Description of the task: Beneath this sentence is a listing. Return its lines from the one containing "24052831-Ferienwohnung-4-Silbertal-300x225-3" through the last, exactly, and omit the pictures.

Source material:
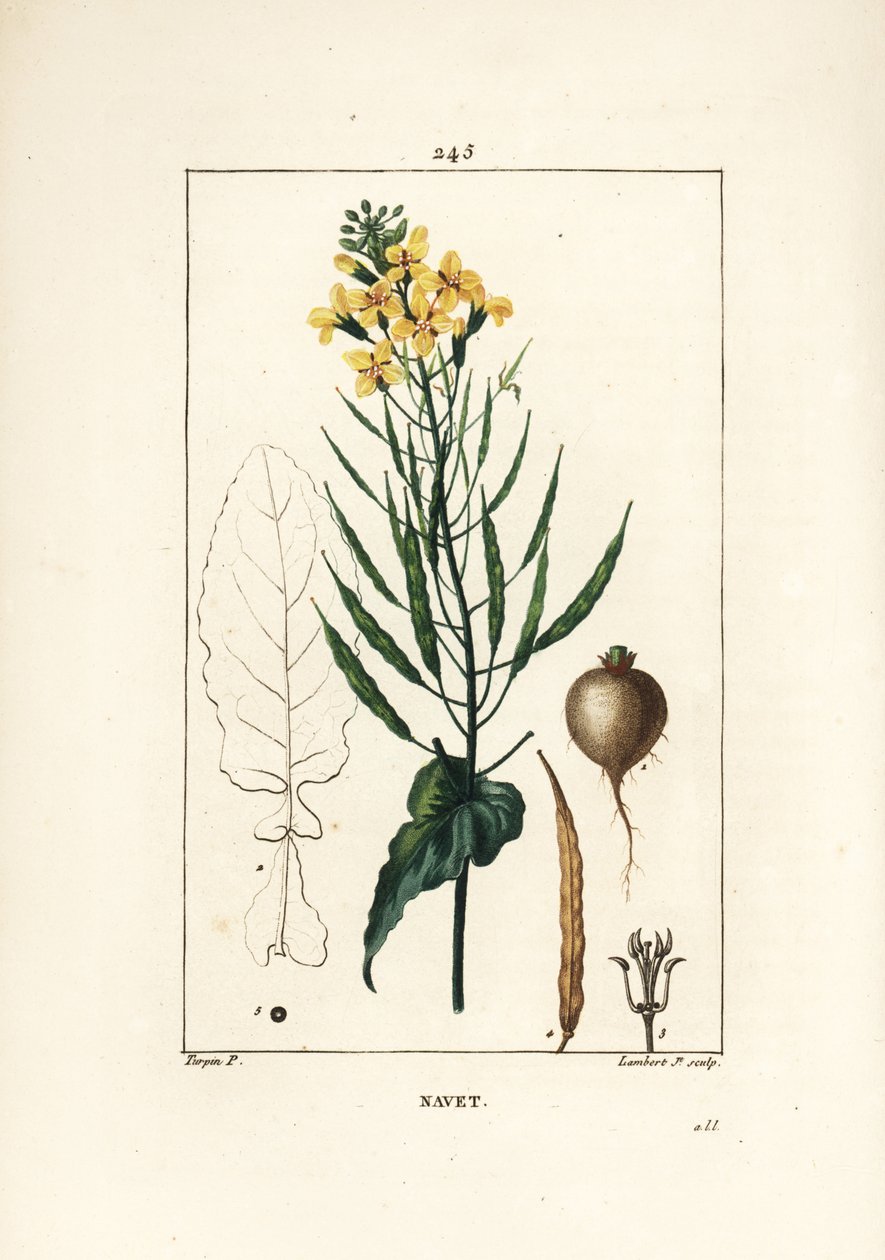 Raps, Brassica napus, mit Blatt, Blüte und Wurzel. Handkolorierter Kupferstich von Lambert Junior nach einer Zeichnung von Pierre Jean-Francois Turpin aus Chaumeton, Poiret und Chamberets „La Flore Medicale“, Paris, Panckoucke von Pierre Jean Francois Turpin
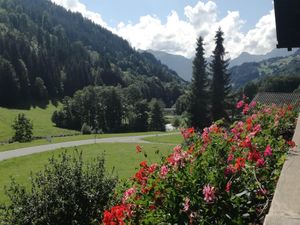 24052831-Ferienwohnung-4-Silbertal-300x225-3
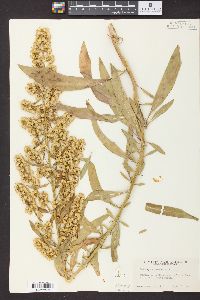 Solidago speciosa image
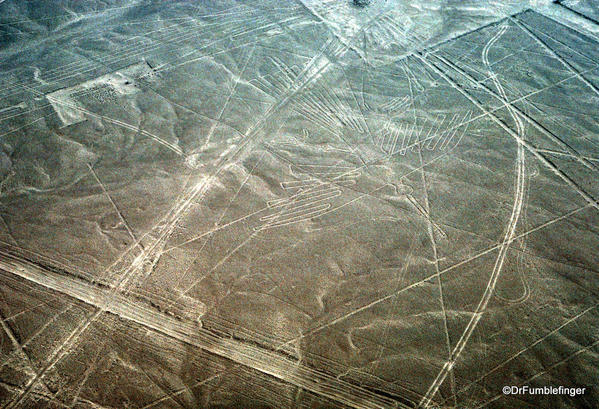Nazca lines. Condor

Expected output:
 24052831-Ferienwohnung-4-Silbertal-300x225-3
 Solidago speciosa image
Nazca lines. Condor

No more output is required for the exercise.